[llvm] r328113 - [Hexagon] Eliminate subregisters from PHI nodes before pipelining

Wed Mar 21 09:45:22 PDT 2018

Obviously not [Hexagon], but [Pipeliner]...  :|

-K

On 3/21/2018 11:39 AM, Krzysztof Parzyszek via llvm-commits wrote:
> Author: kparzysz
> Date: Wed Mar 21 09:39:11 2018
> New Revision: 328113
> 
> URL: http://llvm.org/viewvc/llvm-project?rev=328113&view=rev
> Log:
> [Hexagon] Eliminate subregisters from PHI nodes before pipelining
> 
> The pipeliner needs to remove instructions from the SlotIndexes
> structure when they are deleted. Otherwise, the SlotIndexes map
> has stale data, and an assert will occur when adding new
> instructions.
> 
> This patch also changes the pipeliner to make the back-edge of
> a loop carried dependence 1 cycle. The 1 cycle latency is added
> to the anti-dependence that represents the back-edge. This
> changes eliminates a couple of hacks added to the pipeliner to
> handle the latency of the back-edge. It is needed to correctly
> pipeline the test case for the sub-register elimination pass.
> 
> Modified:
>      llvm/trunk/lib/CodeGen/MachinePipeliner.cpp
>      llvm/trunk/test/CodeGen/Hexagon/swp-prolog-phi.ll
> 
> Modified: llvm/trunk/lib/CodeGen/MachinePipeliner.cpp
> URL: http://llvm.org/viewvc/llvm-project/llvm/trunk/lib/CodeGen/MachinePipeliner.cpp?rev=328113&r1=328112&r2=328113&view=diff
> ==============================================================================
> --- llvm/trunk/lib/CodeGen/MachinePipeliner.cpp (original)
> +++ llvm/trunk/lib/CodeGen/MachinePipeliner.cpp Wed Mar 21 09:39:11 2018
> @@ -218,6 +218,7 @@ public:
>     }
>   
>   private:
> +  void preprocessPhiNodes(MachineBasicBlock &B);
>     bool canPipelineLoop(MachineLoop &L);
>     bool scheduleLoop(MachineLoop &L);
>     bool swingModuloScheduler(MachineLoop &L);
> @@ -357,20 +358,6 @@ public:
>   
>     bool isLoopCarriedOrder(SUnit *Source, const SDep &Dep, bool isSucc = true);
>   
> -  /// The latency of the dependence.
> -  unsigned getLatency(SUnit *Source, const SDep &Dep) {
> -    // Anti dependences represent recurrences, so use the latency of the
> -    // instruction on the back-edge.
> -    if (Dep.getKind() == SDep::Anti) {
> -      if (Source->getInstr()->isPHI())

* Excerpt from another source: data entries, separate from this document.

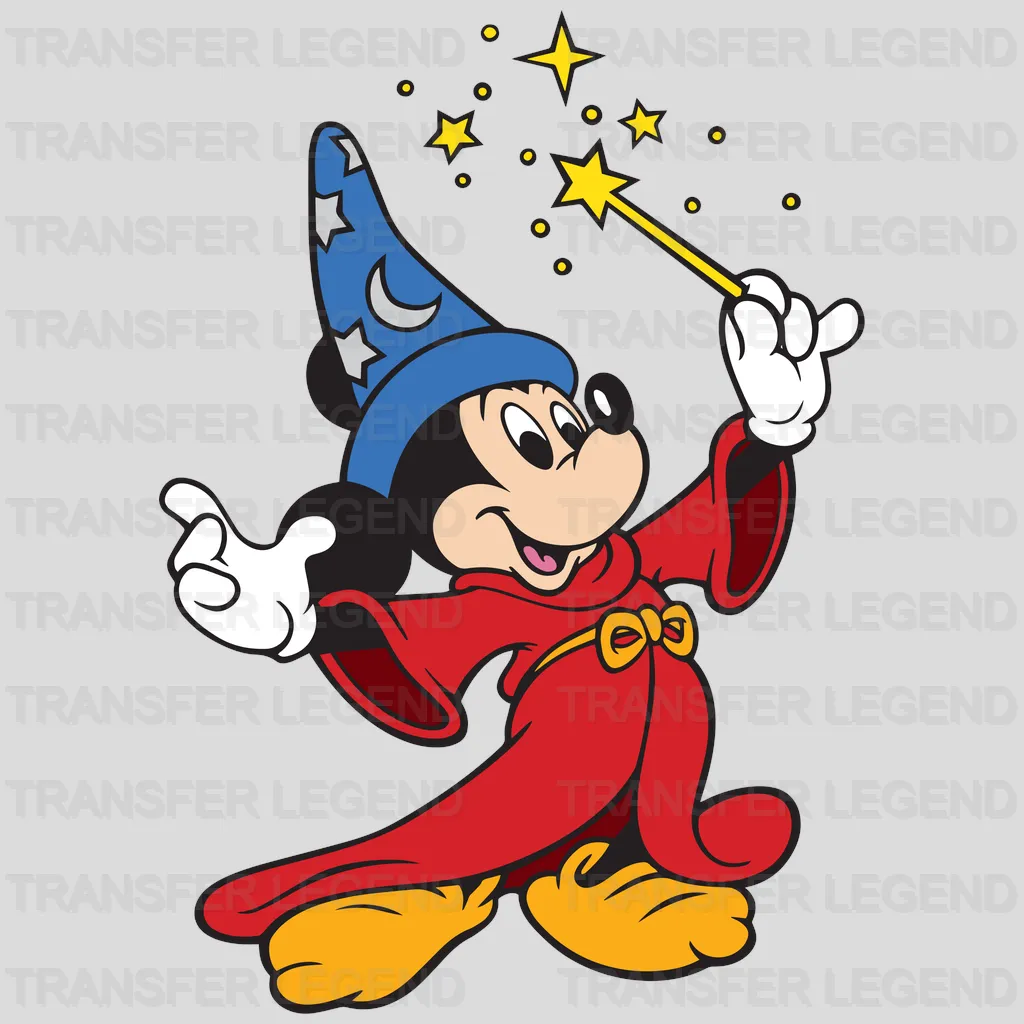 Sorcerer Mickey Design - DTF heat transfer - transferlegend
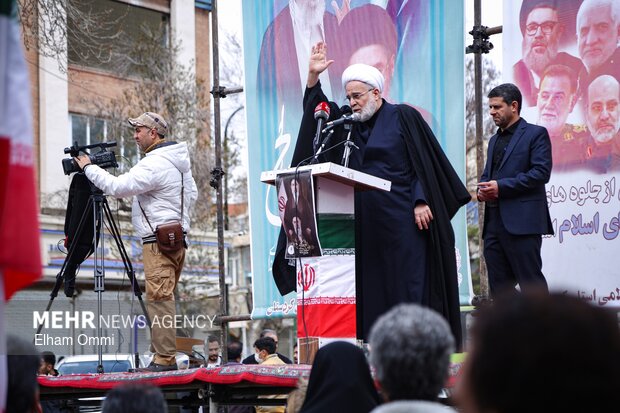 راهپیمایی روز جهانی قدس در شهر سنندج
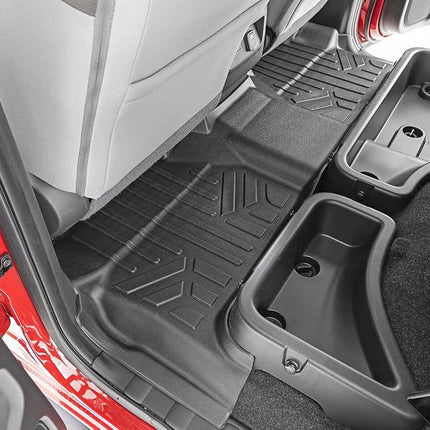 Rough Country Floor Mats for 2022 Nissan Frontier | Crew Cab - M-80515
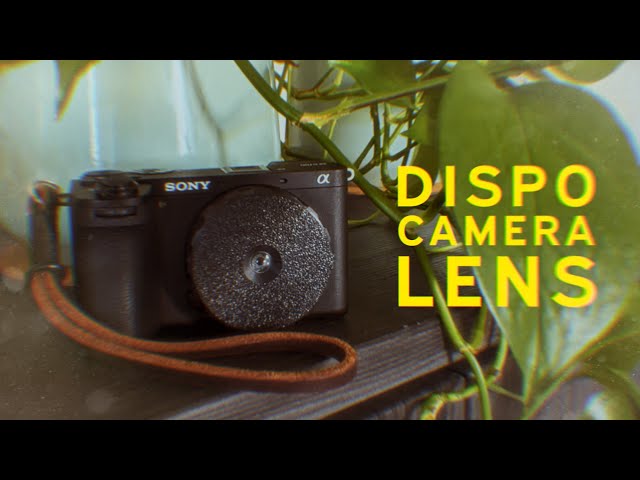 filming with disposable camera lens | sony a6700 + pocket dispo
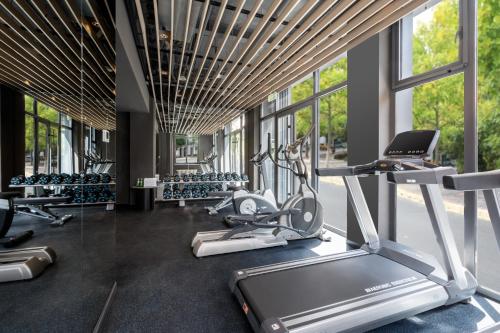 Fitness center, base-GONGTI Serviced Apartment near Embassy of Nigeria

> -        return Dep.getSUnit()->Latency;
> -      if (Dep.getSUnit()->getInstr()->isPHI())
> -        return Source->Latency;
> -      return Dep.getLatency();
> -    }
> -    return Dep.getLatency();
> -  }
> -
>     /// The distance function, which indicates that operation V of iteration I
>     /// depends on operations U of iteration I-distance.

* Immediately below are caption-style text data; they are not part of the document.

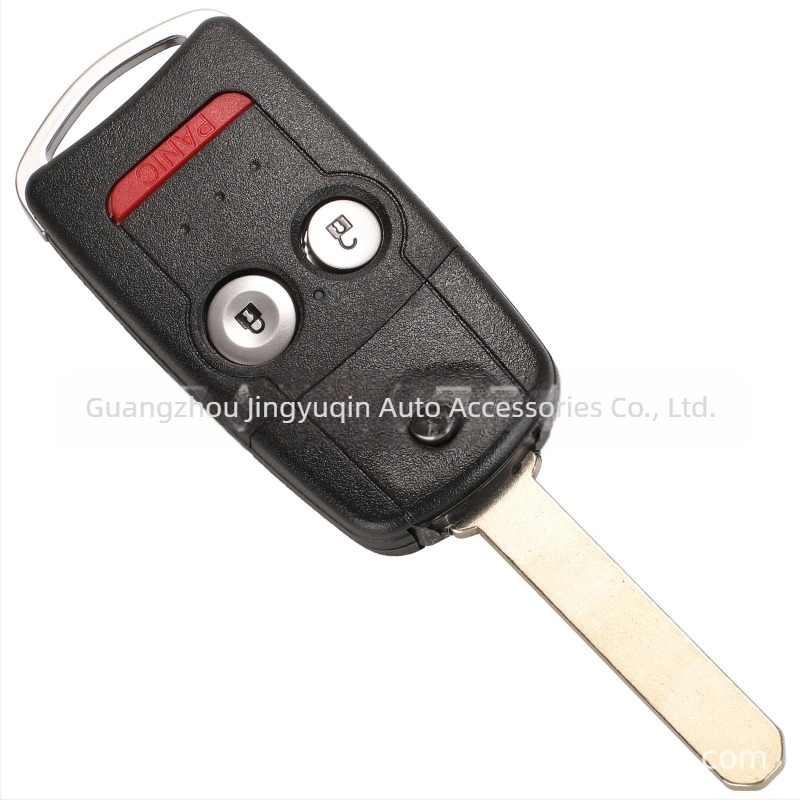 Összecsukható kulcstok Honda/Acura Accord Jazz CRV HRV-hoz — ABS + réz, réz penge, 55 g, kompatibilis összecsukható távirányítós kulcsokkal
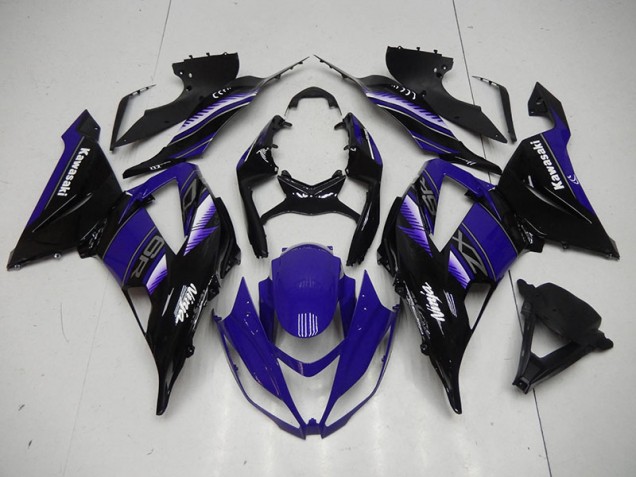 Schwarz Blau ZX6R 13-18 Motorrad Verkleidungen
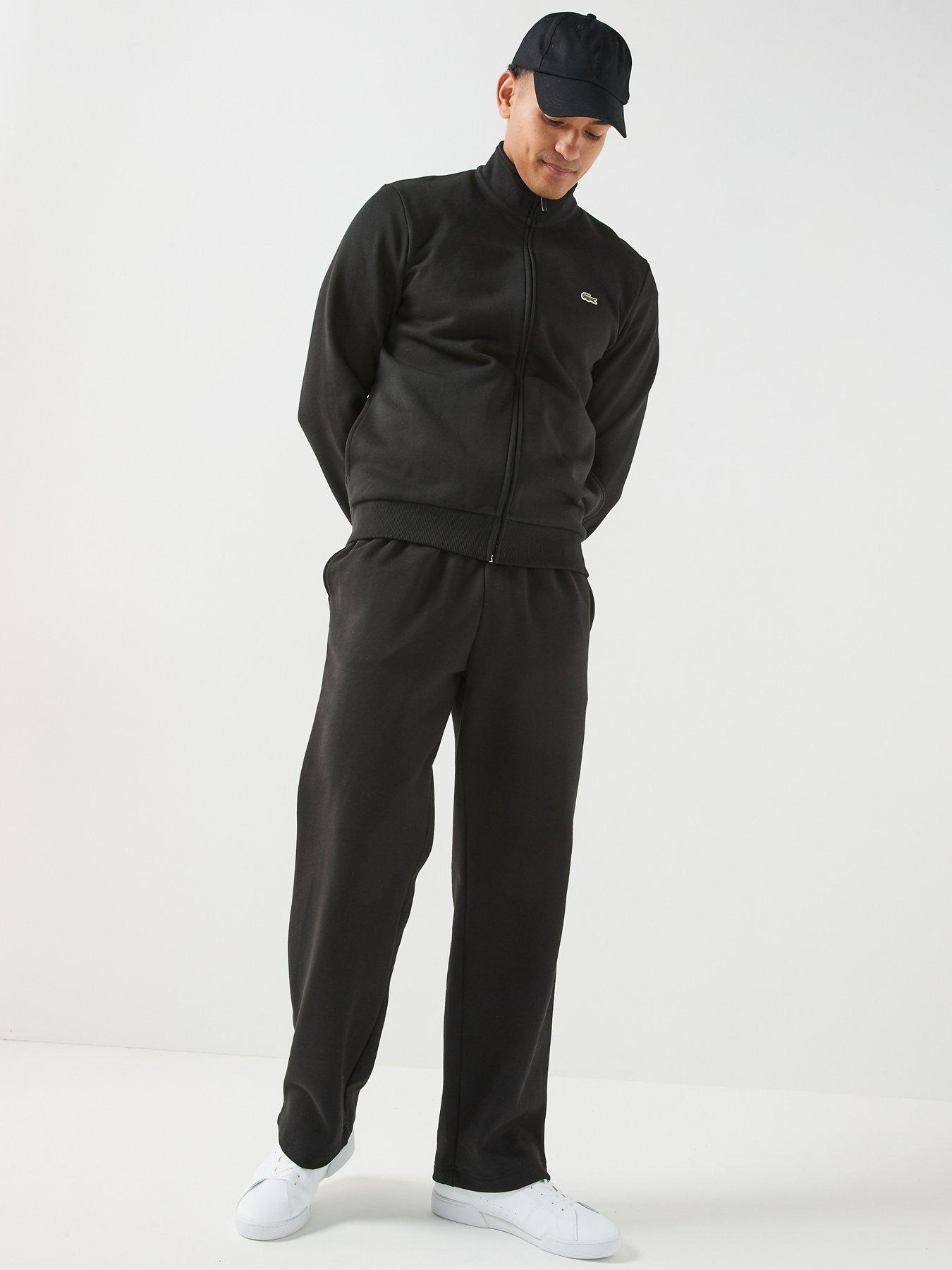Image 3 of 6 of Lacoste Brushed Fleece Full Zip Jacket - Black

>     unsigned getDistance(SUnit *U, SUnit *V, const SDep &Dep) {
> @@ -484,12 +471,19 @@ class NodeSet {
>     int MaxDepth = 0;
>     unsigned Colocate = 0;
>     SUnit *ExceedPressure = nullptr;
> +  unsigned Latency = 0;
>   
>   public:
>     using iterator = SetVector<SUnit *>::const_iterator;
>   
>     NodeSet() = default;
> -  NodeSet(iterator S, iterator E) : Nodes(S, E), HasRecurrence(true) {}
> +  NodeSet(iterator S, iterator E) : Nodes(S, E), HasRecurrence(true) {
> +    Latency = 0;
> +    for (unsigned i = 0, e = Nodes.size(); i < e; ++i)

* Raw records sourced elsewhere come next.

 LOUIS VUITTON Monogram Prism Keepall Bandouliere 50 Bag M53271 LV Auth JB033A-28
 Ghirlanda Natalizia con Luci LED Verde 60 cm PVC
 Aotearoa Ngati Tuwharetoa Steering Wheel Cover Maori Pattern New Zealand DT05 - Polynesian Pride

> +      for (const SDep &Succ : Nodes[i]->Succs)
> +        if (Nodes.count(Succ.getSUnit()))
> +          Latency += Succ.getLatency();
> +  }
>   
>     bool insert(SUnit *SU) { return Nodes.insert(SU); }
>   
> @@ -820,18 +814,41 @@ bool MachinePipeliner::canPipelineLoop(M
>     if (!L.getLoopPreheader())
>       return false;
>   
> -  // If any of the Phis contain subregs, then we can't pipeline
> -  // because we don't know how to maintain subreg information in the
> -  // VMap structure.
> -  MachineBasicBlock *MBB = L.getHeader();
> -  for (auto &PHI : MBB->phis())
> -    for (unsigned i = 1; i != PHI.getNumOperands(); i += 2)
> -      if (PHI.getOperand(i).getSubReg() != 0)
> -        return false;
> -
> +  // Remove any subregisters from inputs to phi nodes.
> +  preprocessPhiNodes(*L.getHeader());
>     return true;
>   }
>   
> +void MachinePipeliner::preprocessPhiNodes(MachineBasicBlock &B) {
> +  MachineRegisterInfo &MRI = MF->getRegInfo();
> +  SlotIndexes &Slots = *getAnalysis<LiveIntervals>().getSlotIndexes();
> +
> +  for (MachineInstr &PI : make_range(B.begin(), B.getFirstNonPHI())) {
> +    MachineOperand &DefOp = PI.getOperand(0);
> +    assert(DefOp.getSubReg() == 0);
> +    auto *RC = MRI.getRegClass(DefOp.getReg());
> +
> +    for (unsigned i = 1, n = PI.getNumOperands(); i != n; i += 2) {
> +      MachineOperand &RegOp = PI.getOperand(i);
> +      if (RegOp.getSubReg() == 0)
> +        continue;
> +
> +      // If the operand uses a subregister, replace it with a new register
> +      // without subregisters, and generate a copy to the new register.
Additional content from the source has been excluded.